Bu katılım çeşitliliği nedeniyle rejim için tehlikeli boyutta bir kriz yaşanıyor. İranlılar içe kapanık olmanın ne olduğunu yaşayarak kavradılar. Dünyanın en büyük petrol üreticisi olan ülkelerinin bu zenginliğinden pay alamadıklarını, petrol gelirlerinin “değer ihracı” politikası güden mollalarca İslami çalışmalar için harcandığını düşünüyorlar. Demokrasi talepleri olduğu kadar zenginlik talepleri de var İranlıların.

Rejim yıkılırsa ne olur?
İran, devlet geleneği eski bir toplum. Rejim yıkılırsa kesinlikle kendine özgü laik bir sistem kurma şansı var. Unutmayalım, Ortadoğu’da “anayasal monarşiyi” hayata geçiren tek ülkedir İran. İyidir kötüdür ayrı mesele ama böyle bir deneyimi var.

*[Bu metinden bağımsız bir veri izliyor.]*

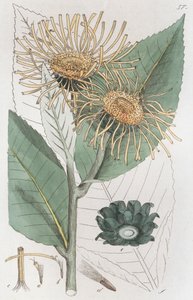 Elecampane Inula helenium, 1804-1811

Eğer mollalar rejimi yıkılırsa bu Sovyetlerin dağılması kadar büyük bir etki bırakır. İran’ı merkez gören (Şii ya da Sünni) hareketler önce bir moral merkez, sonra da ideal bir “islami sistem” örneğini kaybetmiş olurlar.

İran’daki protestoların talihsizliği, ABD, İsrail, Suudi Arabistan gibi İran karşıtı ülkelerin fırsatçı bir tutumla gösterilere desteğini belirtmiş olmaları. İran’da rejimin baskılarından bunalan yığınlar şu an kendilerine destek verecek her ülkeye özellikle ABD’ye karşı çıkıyor değiller. Aksine bu desteği talep de ediyorlar. Gösterilerde atılan sloganlardan biri “Trump bize silah ver”di örneğin.

Elbette emperyal merkezlerin niyetlerini bilerek, ama halkın kırk yıldır İslami rejim altındaki yaşantısını da hatırlayarak yaklaşacağız gelişmelere.